Rising 260m above the surrounding bushland, the water streaked massive dome is 750m long and 500m wide, making it the largest exposed granite rock in the Southern Hemisphere. Bald Rock is huge, beautiful and humbling. From the summit you have spectacular view of the NSW tablelands from the top making the steep climb all the more worthwhile!
Almost straddling the border of New South Wales and Queensland, Bald Rock National Park is to the south of the border, which in turn abuts Girraween National Park on the Queensland side. You can approach both spots from either Tenterfield from the south or Stanthorpe from the north and either spot is well worth a stop.
2 Ways Up Bald Rock
1. There is a gentle 2.5km climb to the summit. Duck under rock archways, squeeze through sinuously shaped canyons and wind your way around a field of boulders – poetically called “granite titans” – a tumble of colossal rocks precariously balanced on each other softened by the covering of lichen, moss and a floor spotted with flowering lilies.

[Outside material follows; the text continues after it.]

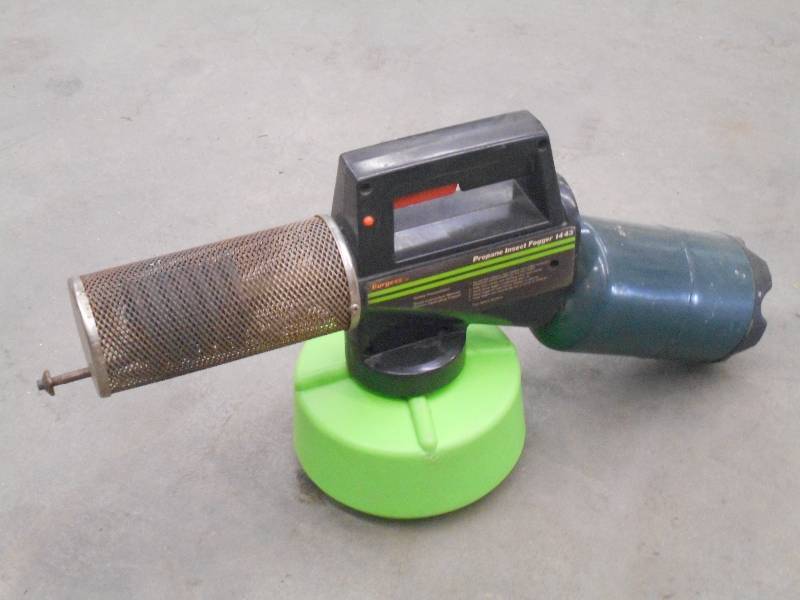 lot 100 image: Propane Insect Fogger ...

2. Straight up the face of the rock which is a much shorter version but definitely steep enough to know you have leg muscles and a pair of lungs…
I decided to go up the granite face and do the borders track coming down. It’s much easier to do it in the opposite order, but I was up for a challenge.
We got to the summit and stared in awe of the Queensland plains below before we had a quick bite at the top with coffee (coffee with a view, always).
The ‘adamellite’ granite which forms Bald Rock was created some 247 million years ago when a dome of molten magma from the earth’s mantle pushed up under the existing metamorphic and sedimentary rock then cooled to form adamellite. Subsequent uplift and erosion has removed the softer surrounding sediments and metamorphic rocks, with Bald Rock remaining as a result of the adamellite granite’s resistance to weathering.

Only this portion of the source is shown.